= Blatnaya pesnya =

Genre of Russian popular music

Blatnaya pesnya (блатная песня, "criminals' song") or blatnyak (блатняк) is a genre of Russian song characterized by depictions of criminal subculture and the urban underworld which are often romanticized and have criminally-perverted humor in nature.

== Terminology ==
In the post-Soviet era, blatnaya pesnya are marketed largely under the more generalized name "Russian chanson" (русский шансон). Coined in the 1990s, "Russian chanson" has become a marketing neologism akin to world music. Some collections identify these songs as ulichnaia pesnia or "street songs" (уличные песни), allowing for the inclusion of pieces that do not explicitly involve references to criminal behaviour. According to Robert A. Rothstein, this terminological fluidity: "reflects the fact that what makes a song blatnaia is more a question of style and tone than of literal content."

== Characteristics ==
Thematically, blatnaya pesnya focus on injustice and oppression under a political system, depictions of prison life, and celebrations of criminal life and thieves' code of honour. These themes are sometimes combined with sexual innuendo as well as elements of irony and humour. The use of fenya, an underworld slang, is characteristic of blatnaya pesnya lyrics. Also known as blatnoy language (блатной язык), fenya follows the grammatical structure of the Russian language, but borrows vocabulary from Ukrainian and Yiddish, as well as other languages, including French and Greek. In terms of structure, blatnaya pesnya generally lack choruses, instead consisting of long narratives composed strictly of verses.
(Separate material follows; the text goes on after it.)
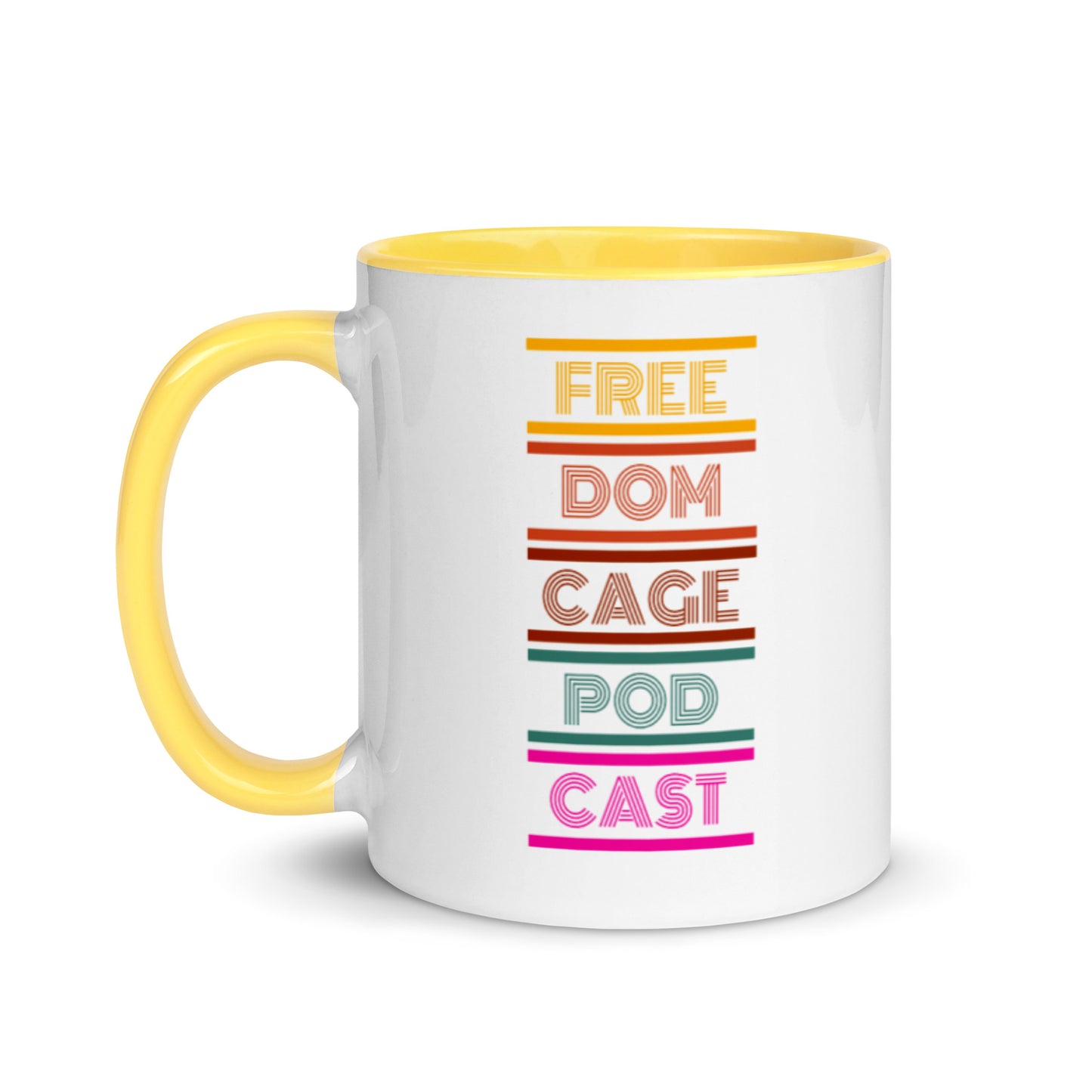 FCP Retro Stack Ceramic Mug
Blatnaya pesnya have simple melodies, and root position tonic, dominant, and subdominant chords largely constitute the harmonic accompaniment. Consistent oscillation between tonic and dominant chords generally characterize the harmonic movement in these songs. Instrumentation varies, although contemporary songs make use of synthesizer sounds and supporting vocal arrangements. Blatnaya pesnya (under the umbrella term shanson) have also been associated with Klezmer, with an interplay between the genres beginning in nineteenth-century Odessa. "Klezmer-blatnoi hybrids" continue to be performed today, such as the Yiddish satire "Mein Yihus" ("my elder brother is a card shark, my mother is a prostitute"). Instrumental similarities link the genres, including the prevalence of up-tempo clarinets, horns, and accordion.
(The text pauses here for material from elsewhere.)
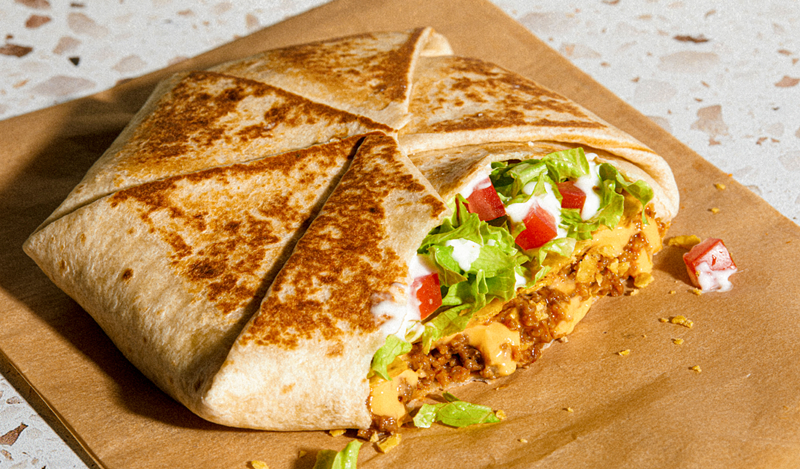 Taco Bell's Crunchwrap Supreme will be reimagined by chefs, including Chilte's Lawrence "L.T." Smith.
=== Odessa and Jewish identity ===
During the Soviet era, the multi-ethnic port city of Odessa served as the center for blatnaya pesnya, both literally and metaphorically. Odessa is a frequent subject in blatnaya pesnya, and the city took on a mythical role as the cradle of Jewish gangster culture. Blatnaya pesnya are steeped in the mythology of Old Odessa, a city of excess, and a paradise for thieves, where a prominent Russian-Jewish culture was associated with both wealth and sin.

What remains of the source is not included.